Büyük davetçi Üstad Fethi Yeken, “Davet Yolunda Dökülenler” adlı kitabında diyor ki: “Evlenmeden önce çok atılgan, girişken, eli çok açık ve fedakâr olan bir kardeş tanıyorum. Kötü bir hanımla evlendi. Kadın devamlı fakirlikten ve ölümden bahsediyordu. Öyle ki bu korkular arkadaşı sardı. Ne zaman bu kadın bir çocuk dünyaya getirse, hemen kocasına üzerinde maddi haklarının olduğundan ve bu sebeple de daha çok çalışıp daha çok kazanması gerektiğinden bahsediyordu. Aynı durum her yeni bir çocuk dünyaya geldiğinde tekerrür edip duruyordu ve en nihayet bu kardeş imtihanı kaybetti. Önce hanımının kulu oldu, daha sonra da dünyanın kulu oluverdi. Bugüne kadar bu kardeş hâlâ işlediği bu büyük suçun, düştüğü bu durumun farkında değildir. Dün insanlara ve kendi kardeşlerine hatırlattığı şeyleri bugün unutmuş durumdadır.”

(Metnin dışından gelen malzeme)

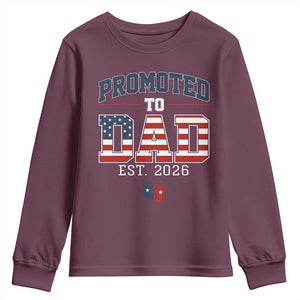 Promoted To Dad Est 2026 American Flag Youth Sweatshirt Patriotic New Dad Gift TS12 Maroon Print Your Wear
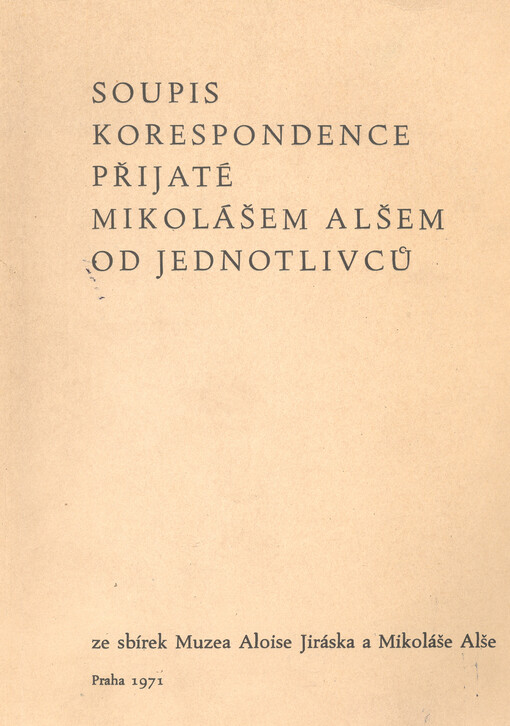 Soupis korespondence přijaté Mikolášem Alšem od jednotlivců ze sbírek Muzea Aloise Jiráska a Mikoláše Alše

Peygamber Efendimiz Sallallahu Aleyhi ve Sellem: “Dinarın, dirhemin, (paranın) değerli ve ihtişamlı giysilerin kulu olan (bunlara ram olan) helak oldu ve baş aşağı devrildi” buyuruyor. Başka bir hadiste; “Allah’a yemin olsun ki; karısının hevasına uyan bir adamı hiç şüphesiz Allah Azze ve Celle baş aşağı cehenneme atar.”

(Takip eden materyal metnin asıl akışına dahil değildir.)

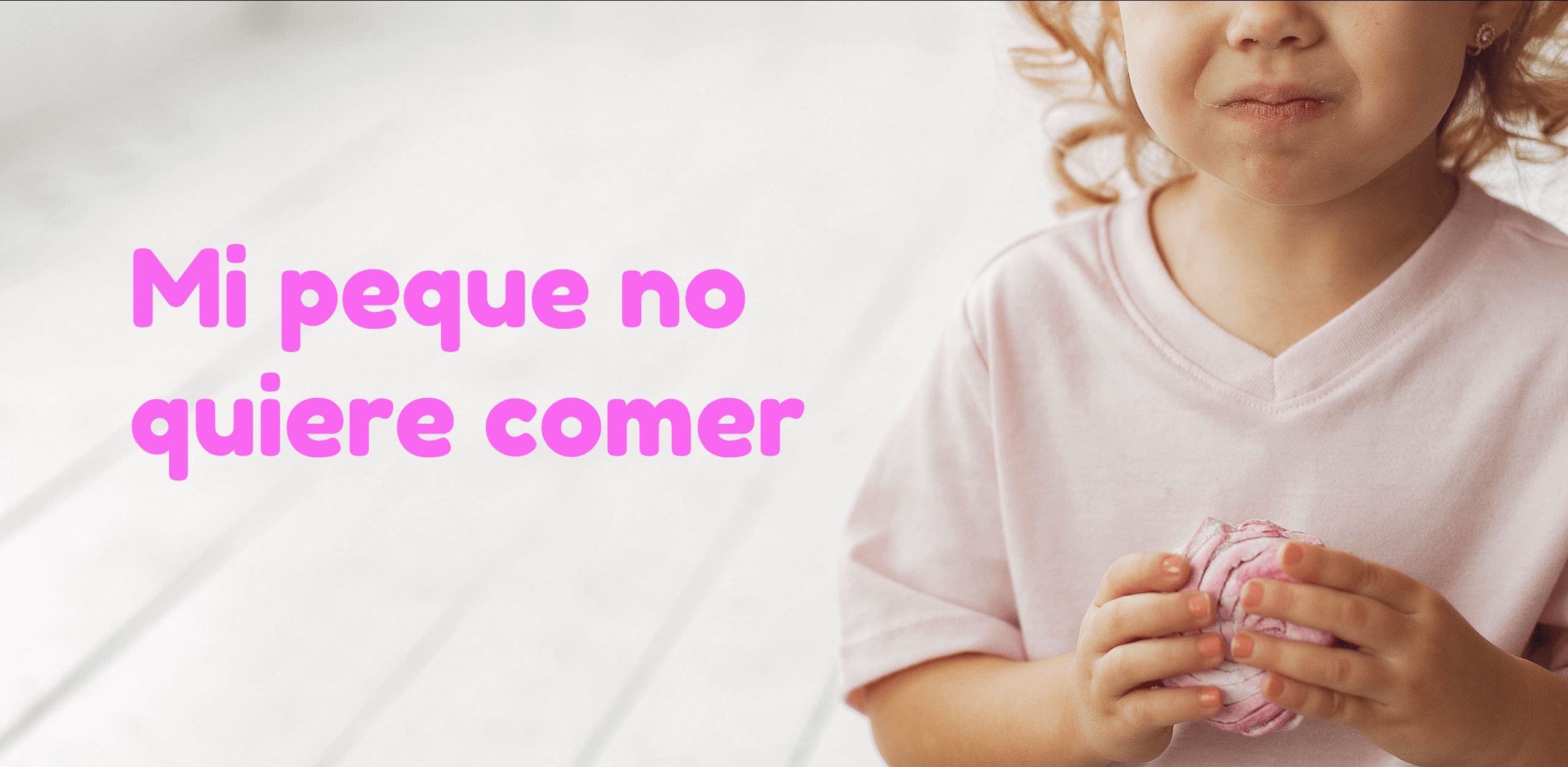 Mi hijo hija niño o niña no quiere comer COVER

Öyle genç insanlar tanıyorum ki, gençliklerinin baharında öyle faal, canlı, hareketliydiler ki. Ama ne zaman ki evlendiler, rızıklarını kazanma ve maişetlerini temin etme işine giriştiler, işte o zaman davet yolunda teker teker döküldüler. Onlardan kimisi fakirlik yüzünden döküldüler. Dünya evine girince rızık aramaya, aile üyelerine ve kendilerine yetecek bir lokma peşine düştüler. Kimisi de zenginlik sebebiyle döküldü. Rızık temin etme niyetiyle meydana çıktılar. Yeterli bir gelir ve kâfi derecede dünyalık elde ettikleri halde bununla kanaat etmediler. Ellerindekine razı olmayıp, maddenin peşine düştüler. Servet yığmaya başladılar. Hatta öyle zengin oldular ki, kendilerinden sonra gelecek on kuşağa yetecek kadar servet sahibi oldular. Onlara, İslam ve dava uğruna yaptığınız faaliyetler neden sona erdi? Oysaki büyük bir servete sahipsiniz” diye sorulsa, derler ki: “Biz vatanın maslahatı için ekonomiyi düzeltmeye çalışıyoruz. Bu da İslam’dandır” İşte bu şekilde kendi kendilerini avutarak dökülenlerden, yenik düşenlerden olurlar. Onlardan bazısı da tam anlamıyla maddenin azdırması sebebiyle dökülürler: Haram mı helal mi, kendileri için hayırlı mı şerli mi olduğuna aldırmaksızın dünyalık biriktirmeye koyulurlar. Madde onları azdırmadan, mal hırsı gözlerini tamamen bürümeden önce, İslam yolunda sürekli faaliyet gösteren birer vera ve takva abidesi iken mal fitnesine düşüp dünyanın aldatmacasına ve şehvetlerine kapılınca İslam caddesinin dışına çıktılar. Gayri İslami bir hal içerisinde uyuşup kaldılar. Ma’siyet pisliğine bulanıp dalalet yolunun şaşırmışlar grubuna kapılıp gittiler ve böylece onlar da bahtsız dökülenlerden oldular.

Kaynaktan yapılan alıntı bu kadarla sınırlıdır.